In my new book Don’t Fall For It: A Short History of Financial Scams (anyone getting sick of me talking about this yet?) I put together a list of 8 conditions that tend to be present when financial fraud flourishes.

They are (in no particular order):

(1) When there’s an expert with a good story
(2) When capital becomes blind
(3) When the banking industry gets involved
(4) When individuals begin taking their cues from the crowd
(5) When markets are rocking
(6) When the opportunity presents itself
(7) When humans are involved
(8) When innovation runs rampant

All frauds and scams don’t necessarily hit on every single one of these but this is a decent framework based on my research.

The logical question, which a few people have asked me now, is this: what areas of the markets or financial sphere fit this bill today?

With yields so low and so many people ill-prepared for retirement, there are likely to be plenty of scams that involve guaranteed income payments with a high promised rate of return.

But the obvious answer is cryptocurrencies.

Let’s go down the list to see how many of these crypto hits:

(1) When there’s an expert with a good story. The mystery behind Satoshi, the anonymous founder or founders, along with the anti-establishment/tech-libertarian utopia dream makes crypto the perfect story-based financial asset. Add in buzzwords like cryptography, decentralization, cold storage, blockchain and digital wallets and it’s easy to see how simple it would be to cause confusion here.

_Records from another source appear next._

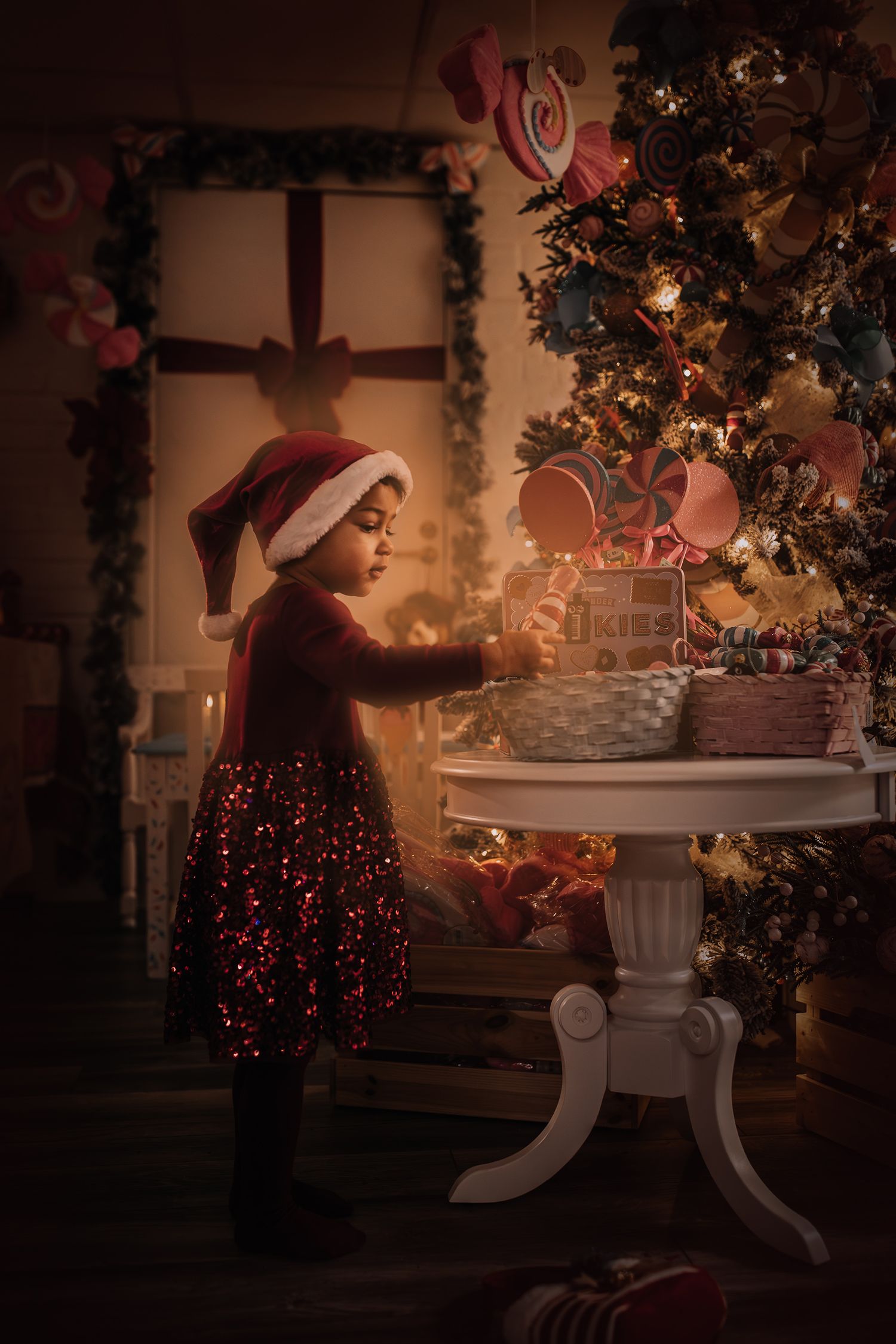 A small child in a Santa hat reaches for decorations on a white table near a Christmas tree.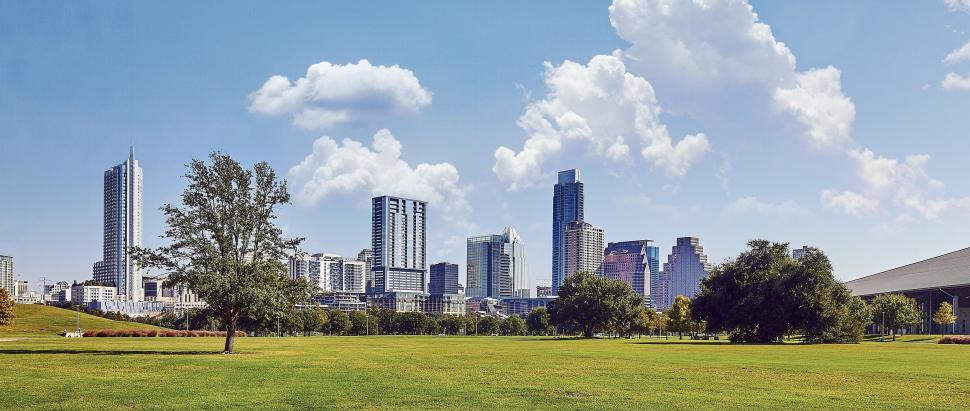 Free Image of Grassy Field With City in Background 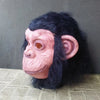 A realistic latex monkey mask with pinkish skin and black fur, displayed against a gray background.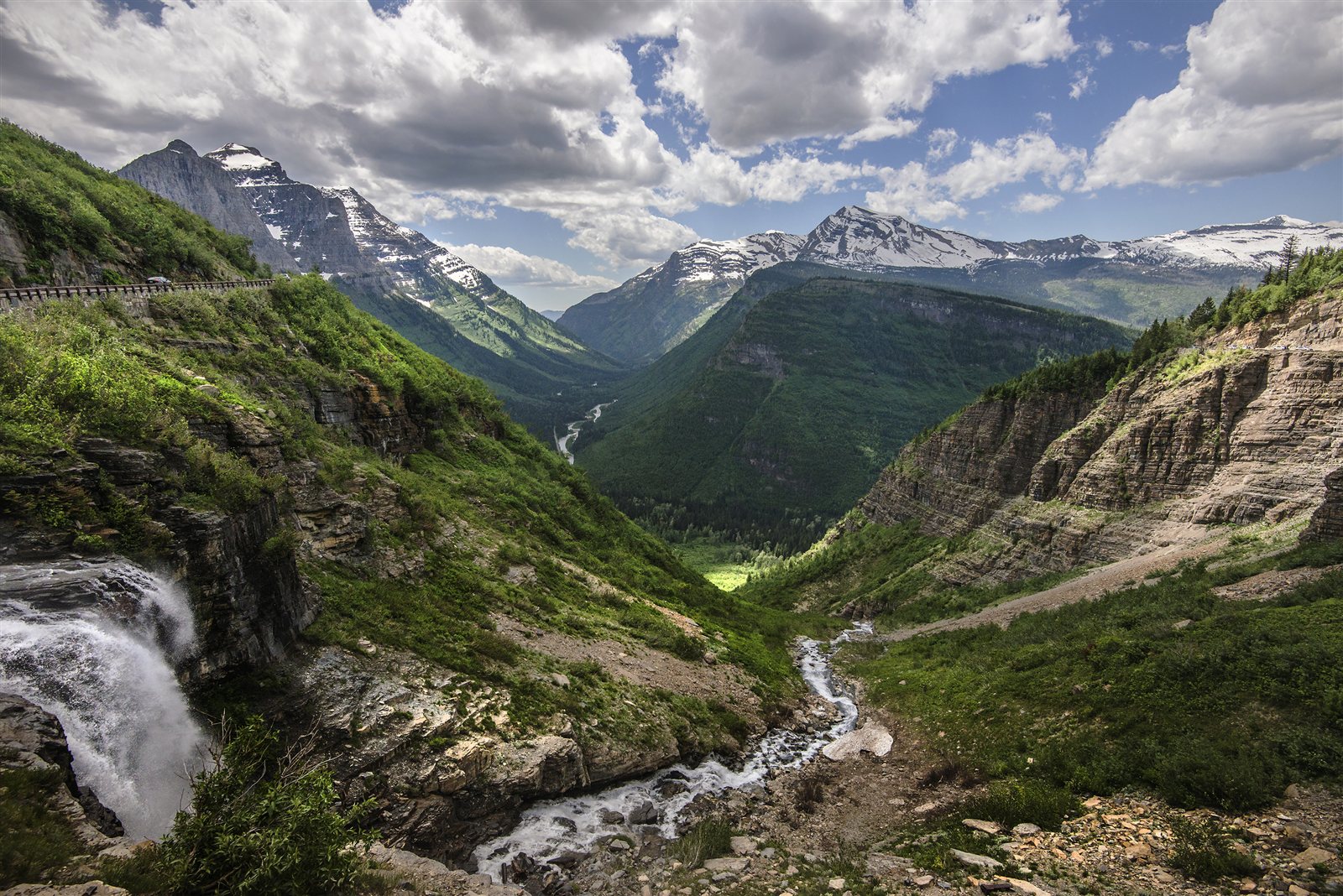 Going-to-the-Sun Road follows a green mountainside above a waterfall and deep valley in Glacier National Park.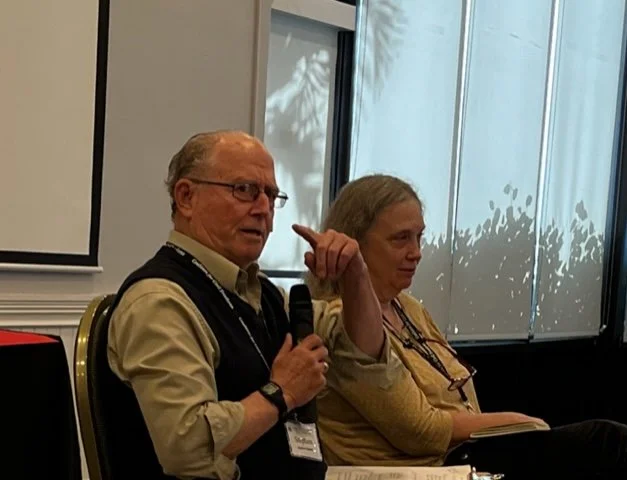 Two attorneys from the Coalition for Civil Freedoms. An older man speaking into a microphone and gesturing beside a seated woman at an indoor presentation.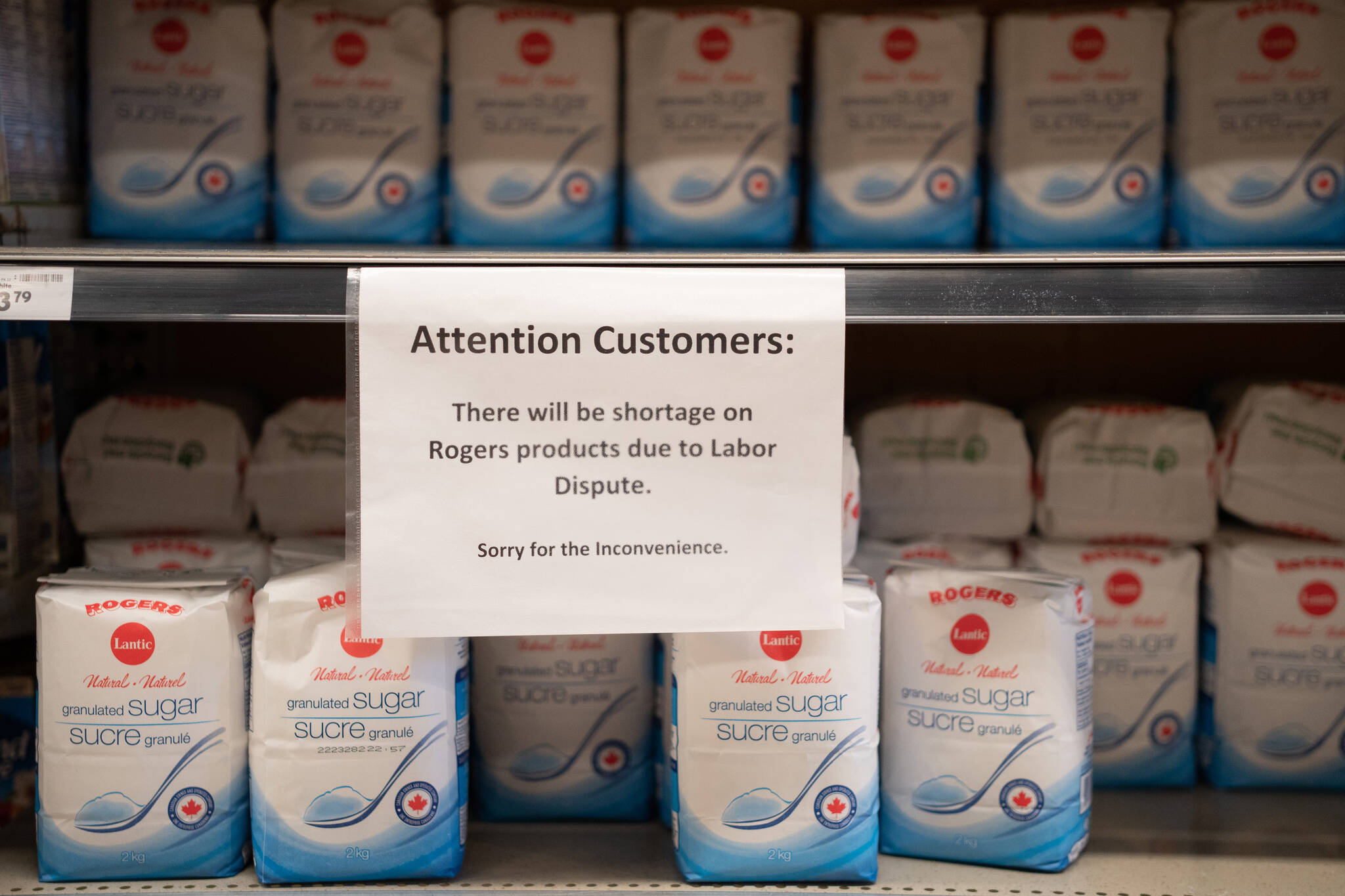 A sign is put up on Rogers Sugar shelves at a grocery store in Vancouver, on Thursday, Nov. 16, 2023. THE CANADIAN PRESS/Ethan Cairns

(2) When capital becomes blind. Walter Bagehot once described speculation as “the blind capital.” There are plenty of blindfolds in the crypto space as many believe it is their savior no matter what happens. It’s like a religion.

(3) When the banking industry gets involved. This is a case where Wall Street hasn’t really put their foot on the gas pedal which actually might make it easier for fraud to exist in the space. It’s still the wild west in many ways.

(4) When individuals begin taking their cues from the crowd. The run-up in crypto prices following Thanksgiving weekend in 2017 when everyone went home to talk about it with their families was a sight to behold. The herd mentality works in both directions but is ever-present in this space.

(5) When markets are rocking. Bitcoin was up some 1300% in 2017. It was down 74% in 2018. In 2019, it rallied more than 90%. This boom-bust pattern invites bad actors because heightened volatility toys with investor emotions in both directions.

(6) When the opportunity presents itself. There are plenty of doomsayers who made a hard pivot into crypto after their end of the world predictions and anti-Fed takes fizzled out in the stock market. This space is ripe for financial predators looking to prey on the emotions of investors.

(7) When humans are involved. Check.

(8) When innovation runs rampant. This is probably the biggest factor in the crypto story. It’s new and exciting. It’s innovative and hard to understand. And when something is hard to understand, it makes it easier for people to pull the wool over your eyes because they present themselves as a knight in shining armor who can figure out how to make money on it.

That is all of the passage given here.